DATA TO USE:
===============

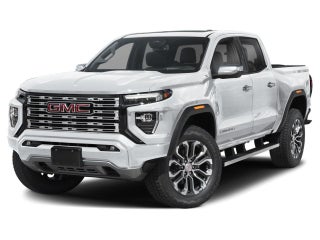 2023 GMC Canyon Denali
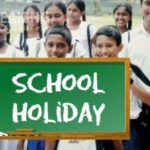 School Holiday 2024 : छात्रों को मिली बड़ी राहत, घोषित हुई गर्मी की छुट्टियां, अब इतने दिन तक बंद रहेंगे सभी स्कूल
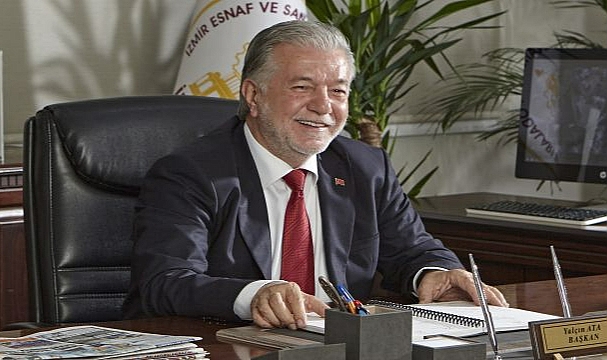 İzmir Esnafı İZKA Projeleriyle Şahlanacak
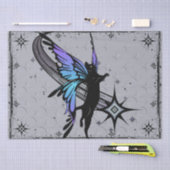 Cosmic Cat Star Tissuepapier (Craft)
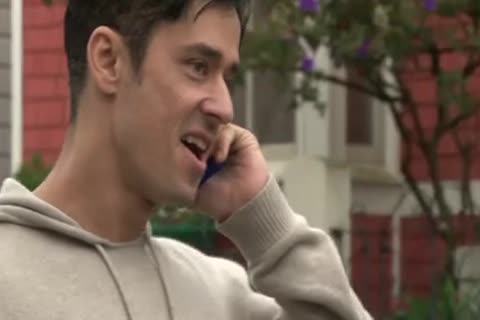 Rafael Alencar And Christopher Daniels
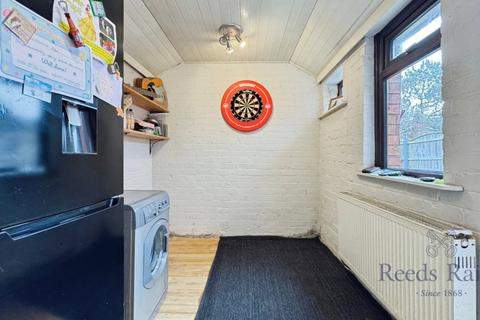 3 bedroom semi-detached house for sale, Duddle Lane, Preston PR5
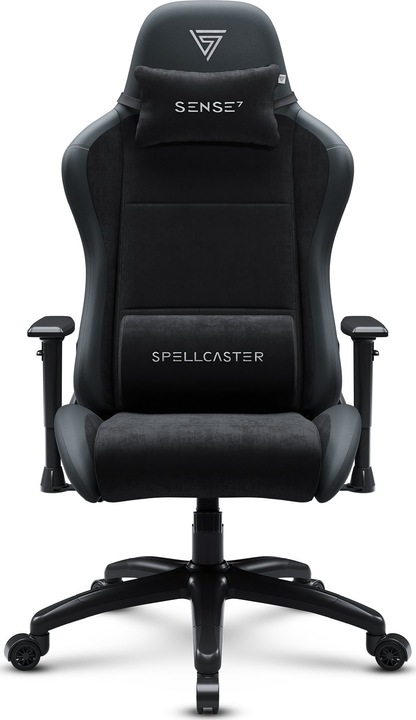 Actual product image Sense7 Spellcaster Fuku XL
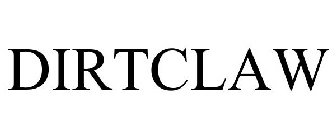 DIRTCLAW
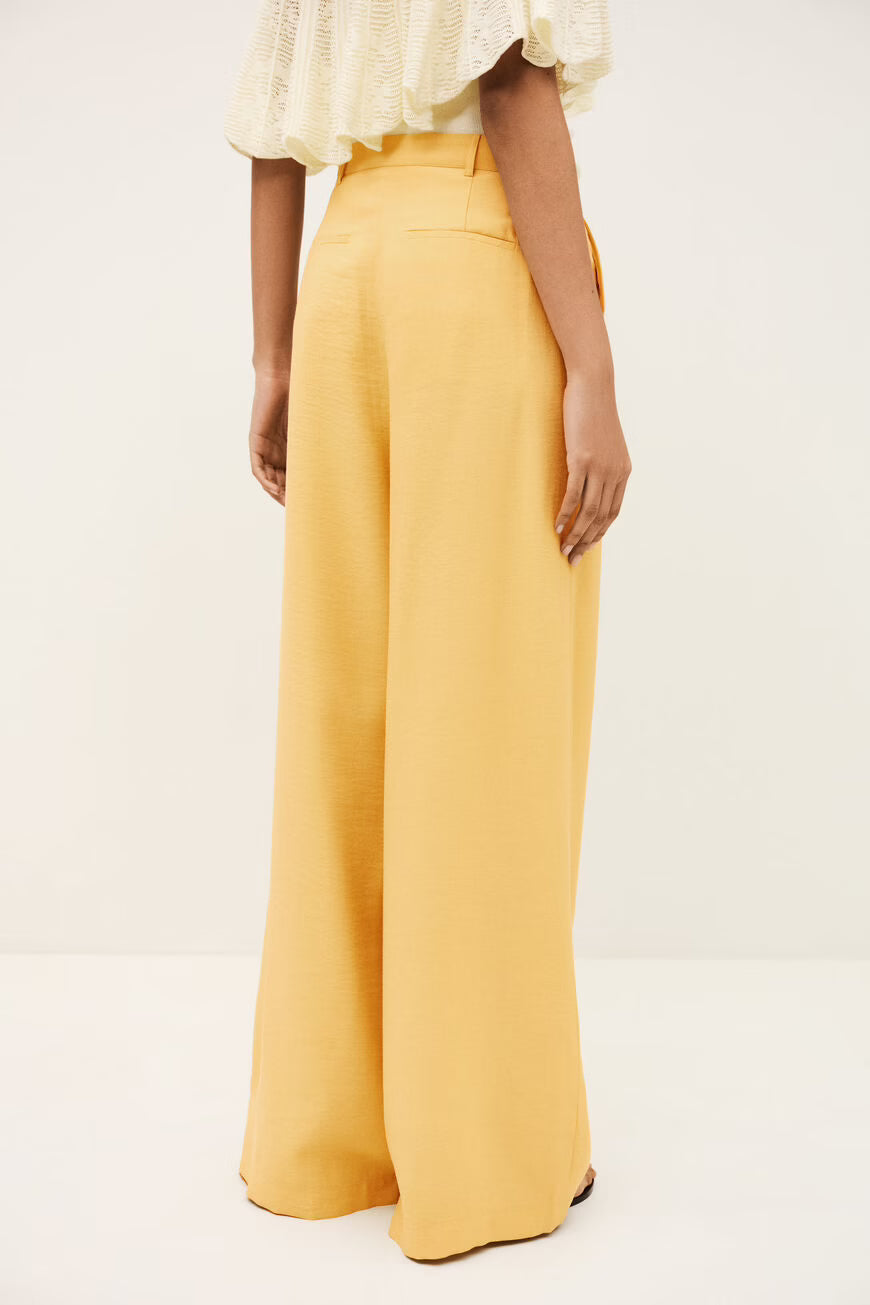 PANTS DEANA - PAILLE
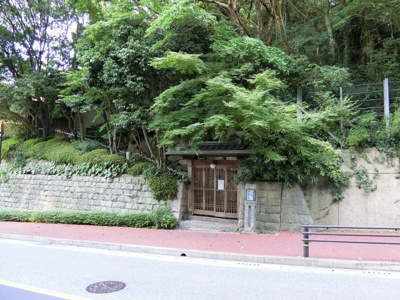 【外観】 | 桜坂柚子庵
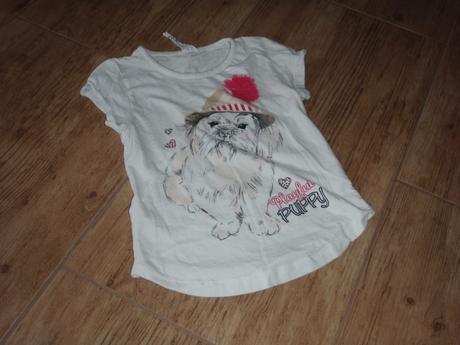 Tričko, young dimension,128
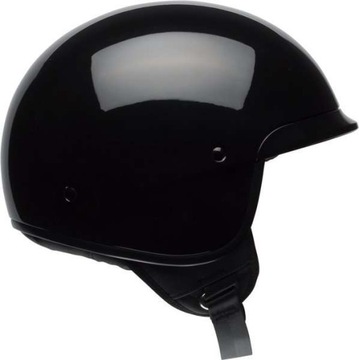 Kask motocyklowy otwarty Bell Scout Air Black M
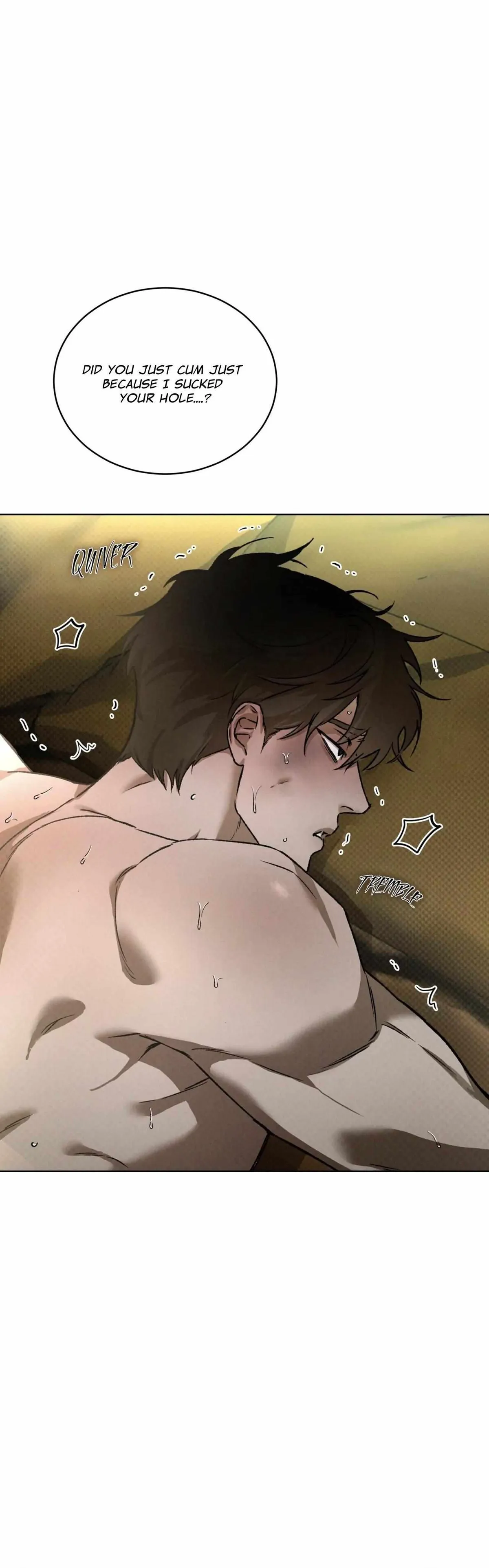 Read Codename Anastasia    chapter 44 image 3 on Lezhin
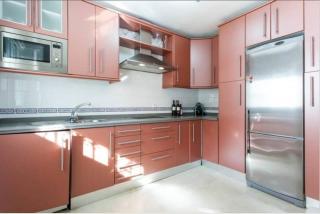 Ático Duplex - Siviglia - 4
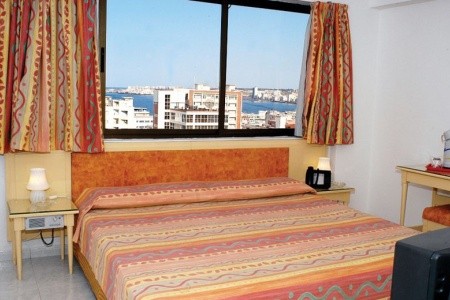 Kuba La Habana (Havana) Gran Caribe Saint John´s 12 dňový pobyt Raňajky Letecky Letisko: Praha July 2026 (11/07/26-22/07/26)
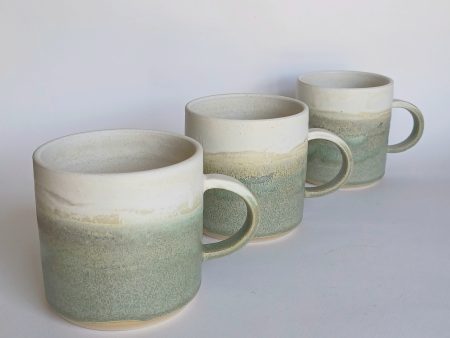Handmade Ceramic Mug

===============

WORK INSTRUCTION: All of the material above is to be retyped exactly, with no pictures included.

REPLY TO THE EXERCISE:
 2023 GMC Canyon Denali
 School Holiday 2024 : छात्रों को मिली बड़ी राहत, घोषित हुई गर्मी की छुट्टियां, अब इतने दिन तक बंद रहेंगे सभी स्कूल
 İzmir Esnafı İZKA Projeleriyle Şahlanacak
 Cosmic Cat Star Tissuepapier (Craft)
 Rafael Alencar And Christopher Daniels
 3 bedroom semi-detached house for sale, Duddle Lane, Preston PR5
 Actual product image Sense7 Spellcaster Fuku XL
 DIRTCLAW
 PANTS DEANA - PAILLE
 【外観】 | 桜坂柚子庵
 Tričko, young dimension,128
 Kask motocyklowy otwarty Bell Scout Air Black M
 Read Codename Anastasia    chapter 44 image 3 on Lezhin
 Ático Duplex - Siviglia - 4
 Kuba La Habana (Havana) Gran Caribe Saint John´s 12 dňový pobyt Raňajky Letecky Letisko: Praha July 2026 (11/07/26-22/07/26)
Handmade Ceramic Mug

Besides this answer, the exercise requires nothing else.